The report lays out the difficult conditions for the diplomatic mission in Belarus, noting that to visit the "Embassy Minsk is to step back in time to an era when American diplomats in Eastern Europe operated in inhospitable environments." The government of Belarus is often hostile and imposes severe restrictions, including a five-person limit on American staff. This has produced a ratio of five Americans to 119 locals staff members, too high by normal standards, and has also resulted in the five Americans (down from 35 in 2008) serving long hours and often double duty. The limit remains despite assurance from the Belarus government that it was only temporary, and is largely responsible for the staff's inability "to comply with numerous security, consular, information technology, reporting, and management requirements.”
The American staff is generally praised by the inspector general for excellent work and ingenuity under difficult conditions. For instance, the report relates an incident where consul foiled "the kidnapping of an American citizen by repeatedly calling his cell phone until the kidnappers, alarmed by the U.S. Government label appearing on his phone’s screen, released him unharmed." Additionally, the chargé d’affaires is credited with improving security since arriving in 2012:
The chargé has also reinforced embassy security measures. When he arrived at post in 2012, access control was haphazard. Badges were not issued to visitors, and the local guard force used familiarity as a criterion for granting personnel access to the compound. The chargé and management officer/post security officer moved quickly to implement the required access control policy and procedures. The chargé has also worked with the Kyiv-based RSO to enhance mission security.

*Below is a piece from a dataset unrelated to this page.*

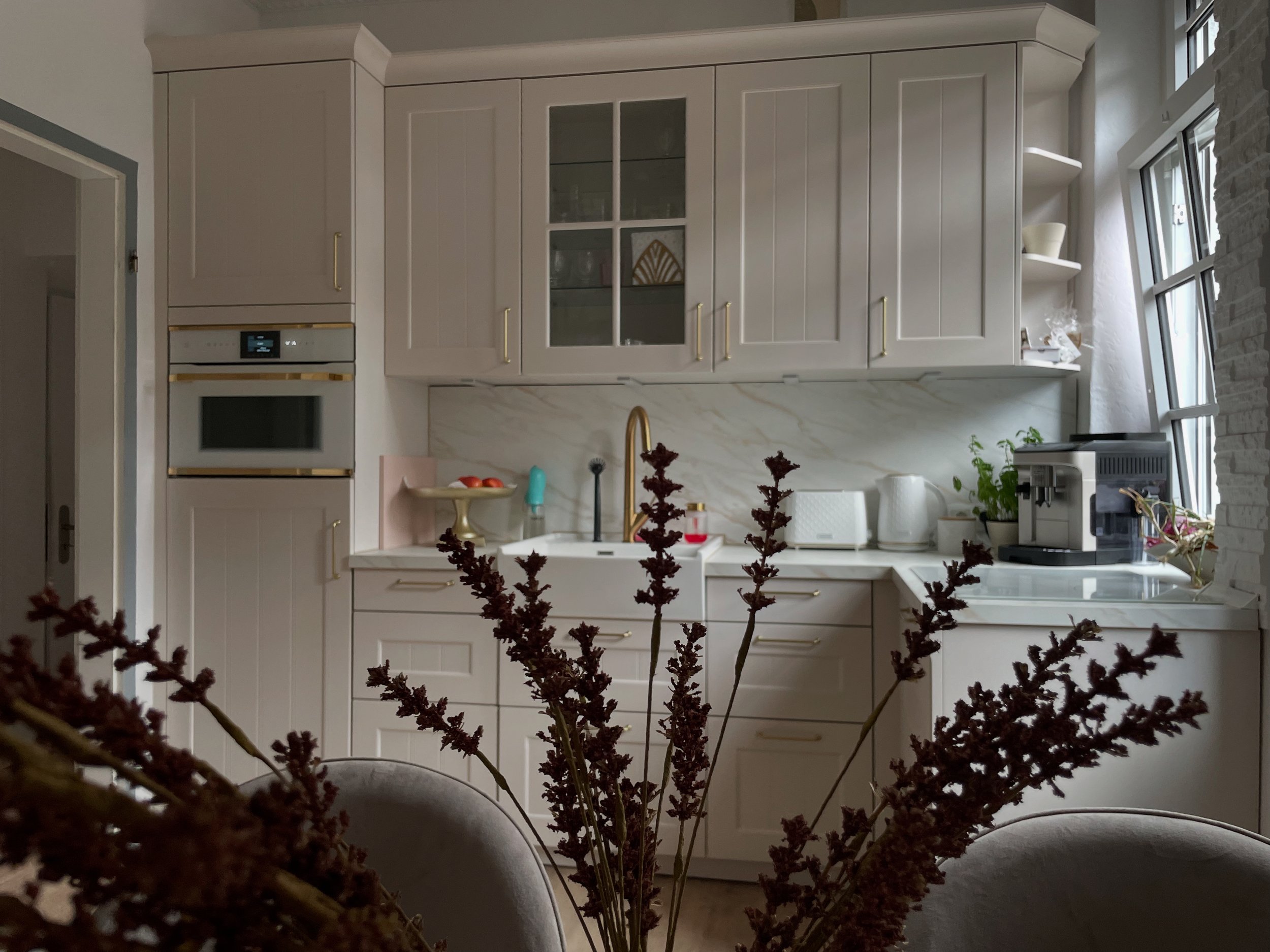 Moderne weiße Küche mit goldenen Griffen, Küchenutensilien, Pflanze und Kaffeemaschine, Blick durch einen Blumenstrauß im Vordergrund, große Fenster mit Blick nach draußen.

Security concerns, however, remain as noted elsewhere in the report:
The 2012 chief of mission controls statement of assurance noted that a physical security survey has not been performed within the past 3 years. As discussed earlier in the report, there are serious facilities, [portion redacted] deficiencies that did not appear in the 2012 statement. The OIG team stressed that, in preparation for the 2013 statement, it is important that the mission review, document, and establish an improvement plan to resolve current deficiencies.

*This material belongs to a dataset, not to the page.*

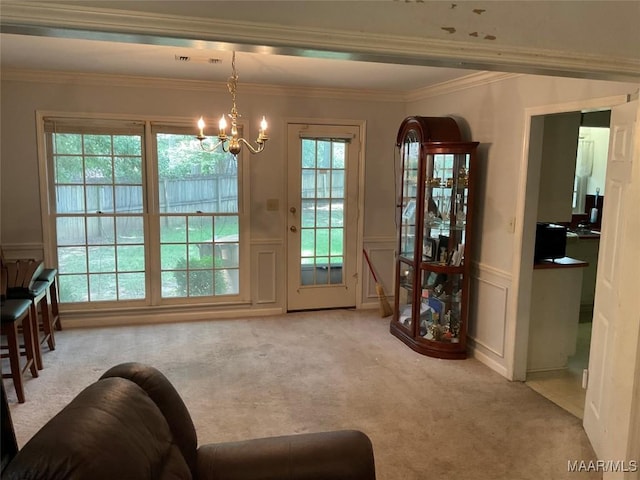 entryway with an inviting chandelier, a decorative wall, wainscoting, carpet, and ornamental molding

Because the main facility (the "chancery") is in a state of disrepair and a $34 million planned renovation is on hold, all embassy business must be conducted from an annex. This as well as the intrusiveness of the government of Belarus makes conducting private communication virtually impossible. The report notes that communications security is non-existent:
Embassy Minsk staff members, both American and local, are subject to regular harassment by the Belarusian security services. American staff residences have been entered surreptitiously. The embassy and all U.S. and Belarusian staff are under constant physical surveillance...

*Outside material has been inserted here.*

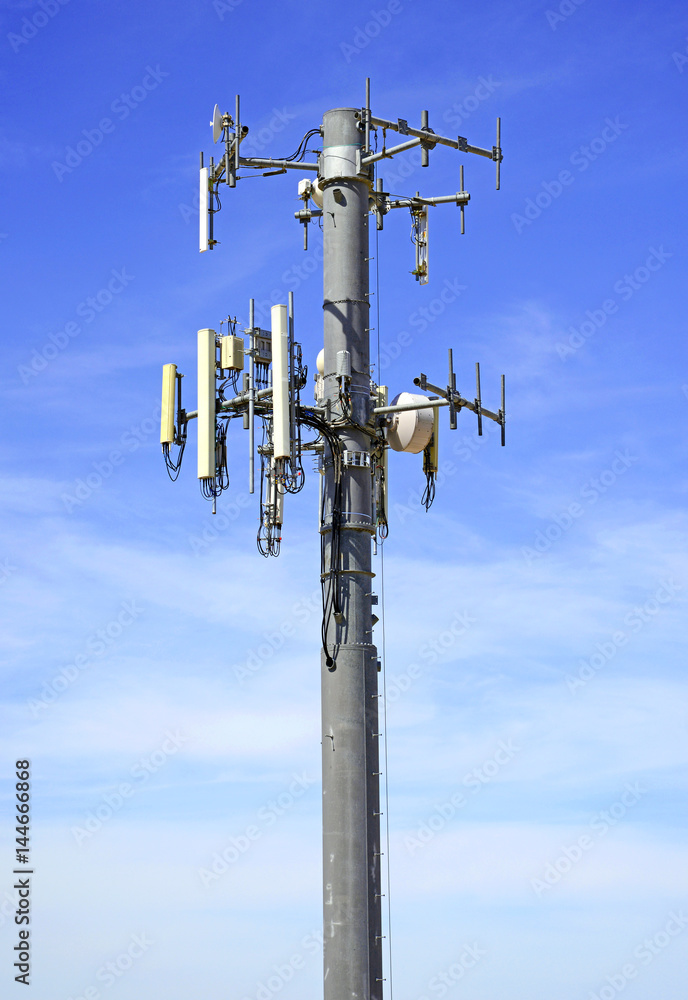 Cell site with wireless cell tower communications station for mobile cellular phone usage Cell site with wireless cell tower communications station for mobile cellular phone usage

The embassy does not have classified communications. Staff members operate on the assumption that everything sent on unclassified systems or spoken on the telephone is monitored by Belarusian security services and other local security agencies.
Restrictions and sanctions against Belarus by the U.S. and other countries make it important for diplomatic staff to keep a close eye on visas granted by the embassy:
The United States has also imposed sanctions on Belarus under several additional laws and executive orders, These sanctions include travel and financial sanctions and asset freezes against officials who have undermined democratic processes and against state-owned and other companies that have supported proliferation of weapons of mass destruction or money laundering. The European Union also maintains a broad range of sanctions against individuals and firms.